4. Warehouse Management
Using technology that is enabled by the IoT along with the coming improvements offered by 5G wireless technology improves the logistics of warehouse management. Warehouse management is about efficient use of the space and the activity that occurs in that space. Space in a warehouse is better allocated after considering the usage pattern. More frequently used items can be stored more closely to the access points to improve warehouse efficiency.
IoT in inventory management includes the use of smart shelves and storage bins that can communicate how long things have been held in those places and how full they are.
5. Artificial Intelligence Algorithms
Algorithms developed using computer-learning AI systems may be able to track and manage inventory better than a human counterpart. By scanning IoT data, the AI system may identify patterns that a human being may not find. This process may improve inventory management decisions.
AI may be used on its own to improve system functions such as replacement inventory ordering, or it may be combined with human supervision and human decision-making about note-worthy data patterns discovered through the AI algorithms.

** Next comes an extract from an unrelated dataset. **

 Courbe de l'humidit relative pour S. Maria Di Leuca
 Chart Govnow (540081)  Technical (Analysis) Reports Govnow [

6. Cloud Computing Enhances AI and IoT Systems
Using AI with cloud computing has tremendous benefits. Cloud computing offers significant computational processing needed to create the benefits of using AI and IoT systems for inventory management. This cloud-computing processing power enables data mining of large sets of data by applying sophisticated analytics, in order to make accurate predictions.

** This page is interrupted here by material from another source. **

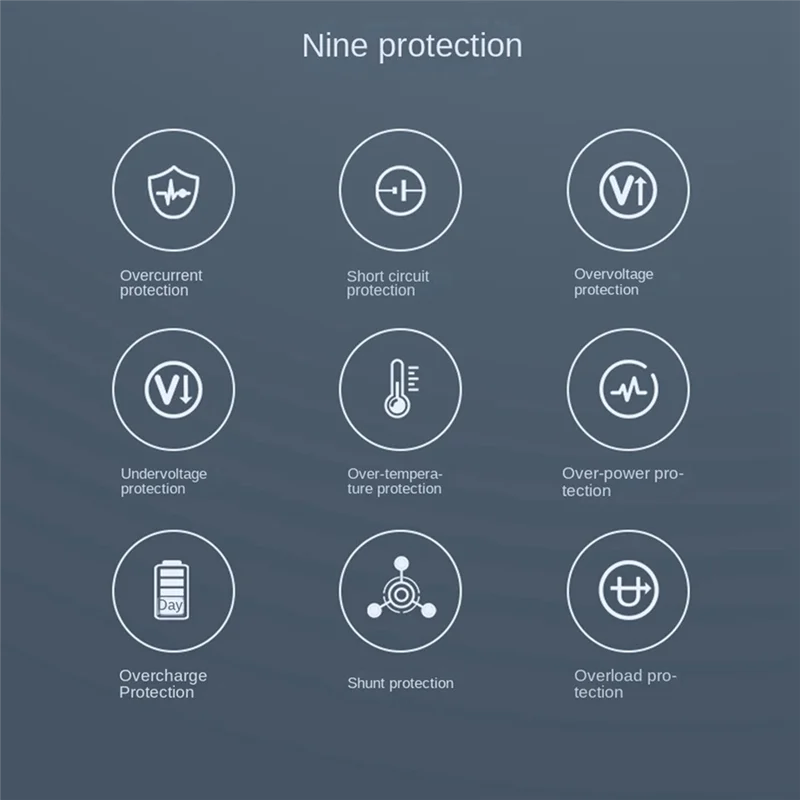 PD30W Auto Ladegerät 171W Schnelle Ladegerät Eins Zu Zwei/Drei Auto Expansion Adapter Auto Konverter Ersatz Ersatzteile-X64A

7. Equipment/Fleet Inventory Management
If an organization’s inventory includes equipment and vehicle fleets, then the IoT is very useful. Tracking mechanisms use GPS locations to collect data about where the equipment or fleet vehicles are always. This data helps manage the utilization of the tracked items and helps prevent loss or unauthorized use.
8. Better Management of Lead Times
Tracking of inventory using IoT systems helps determine the lead times needed to assemble all the parts necessary for manufacturing. Excessive lead times are identified in order to avoid bottlenecks caused by a critical part(s) being missing that stops the production processes.
9. Integration with Robotics
Inventory management using IoT systems allows the easier integration with robotics that is used in conjunction with inventory processes. For example, many online retailers have a significant amount of work needed to do in picking items to fill a customer order. Robotics can do this work more efficiently in conjunction with IoT-connected inventory items and systems.
Embracing IoT for inventory management is, in general, a wise decision for most organizations. However, there are concerns about IoT implementation that need to be considered as well. They are the investment cost, standards that help devices communicate with each other, security, and scalability. Certainly, all those issues must be addressed to create a successful inventory management system using IoT.
Despite these concerns, the cost of the IoT technology continues to decrease and the deployment of IoT for inventory management continues to advance. For many organizations, this is rapidly becoming a cost-effective and efficient solution for inventory management.